Maximizing Customer Buy-in
With ubiquitous two-way communications over the Internet and mature home energy management standards, the only potential obstacle to residential demand response is consumer acceptance. With many consumers now willing to make the change, the real key to broad acceptance is simplicity. Since most consumers continue to have difficulty programming home appliances like microwave ovens and digital video recorders, how can they be expected to make the optimal tradeoffs necessary to balance energy consumption with personal comfort? How many degrees should they raise the thermostat during peak price periods in the summer? Is it safe to temporarily shut off the water heater, refrigerator and/or pool pump, and if so, for how long? What other loads might be shed instead of or in addition to these to achieve greater savings without sacrificing comfort? And how much will that one extra degree of comfort cost?
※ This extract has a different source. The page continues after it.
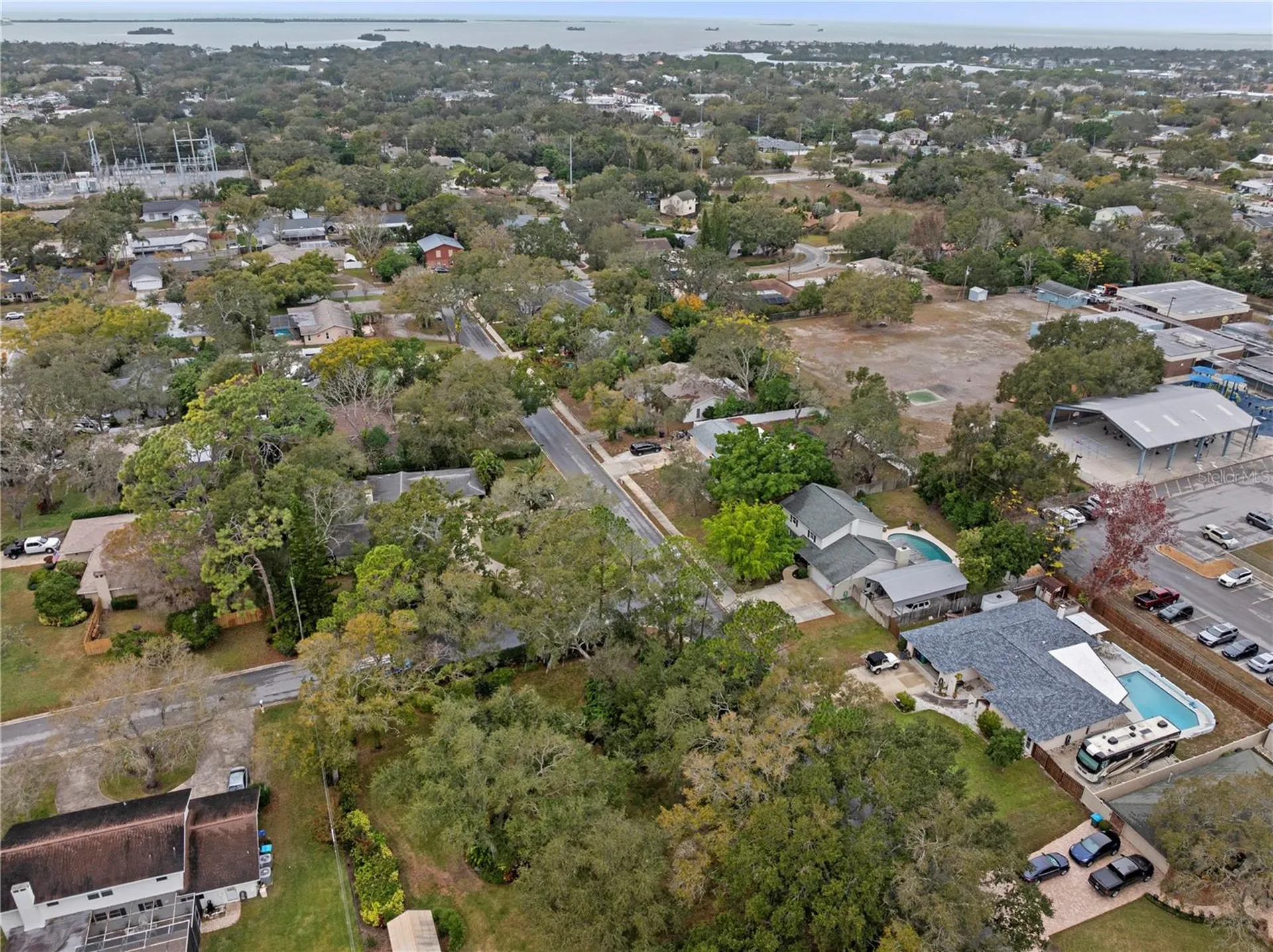 1437 Glenview Road Palm Harbor FL 34683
The best home energy management systems make these and other choices automatically and prudently based on an individual customer's general preference, while also providing a mechanism to help the consumer "tweak" that preference. For example, some customers will opt for maximum cost savings and be willing to tolerate considerable temperature variations, while others would be willing to sacrifice personal comfort for the "political correctness" of reducing their carbon footprint. And while a few will be willing to pay whatever it takes to stay cool and take a hot shower, many if not most will choose a middle ground compromise between comfort and cost. There is no "right" or "wrong" choice, of course, as consumers decide guided by both their wallets and conscious.
The ideal home energy management system would, therefore, operate something like the dial on an old-fashioned thermostat, enabling users to "crank down" the cost or "crank up" the comfort -- or chose something in between favoring one or the other. For those consumers who are enthusiastic about home energy management, optional, more in-depth capabilities are already available on some systems. These include, for example: switches and outlets for controlling other loads; opening and closing curtains to increase or reduce solar gain; sophisticated energy management displays, potentially as dockable stations; Web portals showing detailed usage information that provides energy insights; and mobile device applications that enable users to check and change settings while away from home, perhaps from a second or vacation home that also has its own remotely-controllable HEM system.
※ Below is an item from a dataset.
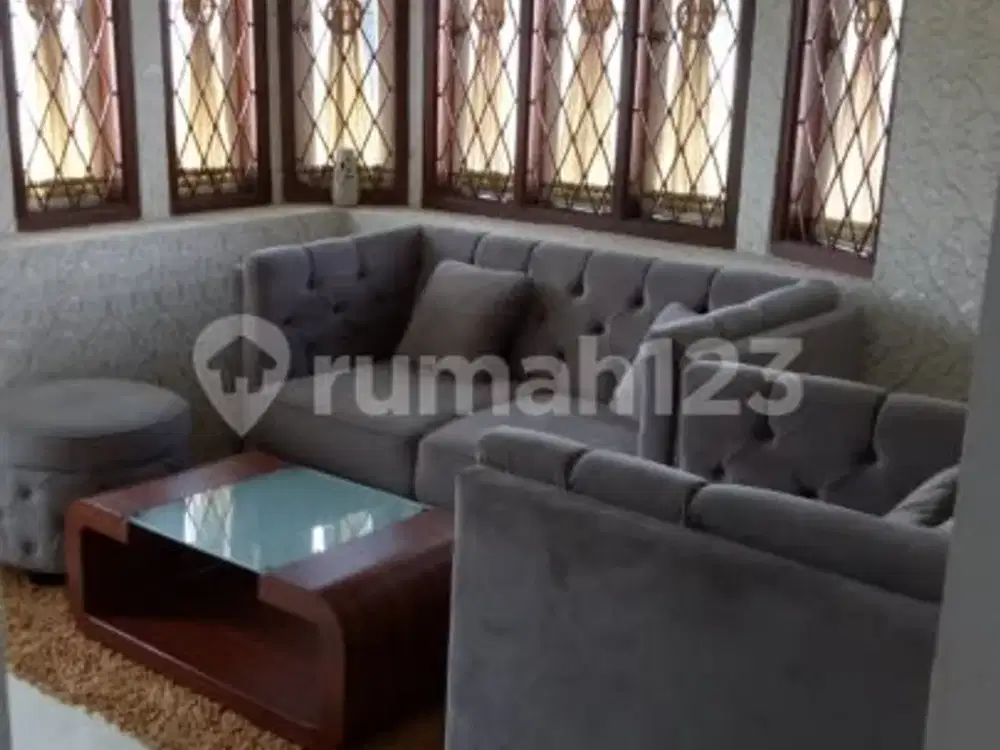 Rumah Ciganitri Hook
Operational simplicity combined with good customer communications works. And not just in pilots either. Oklahoma Gas & Electric had such tremendous success with its pilot that the utility is now embarking on large-scale roll-out of almost 40,000 customers by the end of 2012, with more to follow. Pike Research calls OG&E's demand response program "one of the most advanced initiatives in the industry to date" and the firm's forecast of a 38% annual growth in residential DR services over the next five years reveals an expectation that other utilities will shortly be following OG&E's lead.
Protecting the Investment
Utilities choosing not to implement AMI now may still wish to deploy effective DLC programs using paging, FM RDS or even an Internet Gateway. But what happens to the assets used to implement these DLC programs when the utility does ultimately deploys its AMI? With the right solution: nothing. These networks can continue to coexist indefinitely without stranding any assets provided they are properly designed. Existing radio-based DLC programs can continue unaffected, or optionally be transitioned over time to the HEM system by installing a new load switch or upgrading the radio. In situations where two-way HAN communications is built into the smart meter, new residential DR customers will not need a gateway to participate in DR programs. Those who already have a gateway, however, can continue to participate with no changes owing to the multiple ESI capability built into the SEP standard.
While SEP version 1.1 is fully backwards-compatible with SEP version 1.0, this will not be the case with SEP 2.0. Such situations occur often as standards evolve to add more sophisticated capabilities. But the new standard already includes a gateway function that will enable interoperability with SEP 1.x devices, which is all that is needed to avoid stranding assets. In other words: As long as the assets can continue to serve their original purpose, they need not be stranded. Of course, the new, enhanced functionality may not be available for those devices, but they can continue to function as before until being fully depreciated. The key to future-proofing is not from ensuring assets are fully upgradeable, but by ensuring that assets can continue to be useful over their entire economic life. The SEP 2.0 gateway function supporting version 1.x devices is expected to built into future PCTs, IHDs, broadband Internet gateways and potentially other devices, thereby fully protecting all utility (and consumer) investments in existing home energy management technology.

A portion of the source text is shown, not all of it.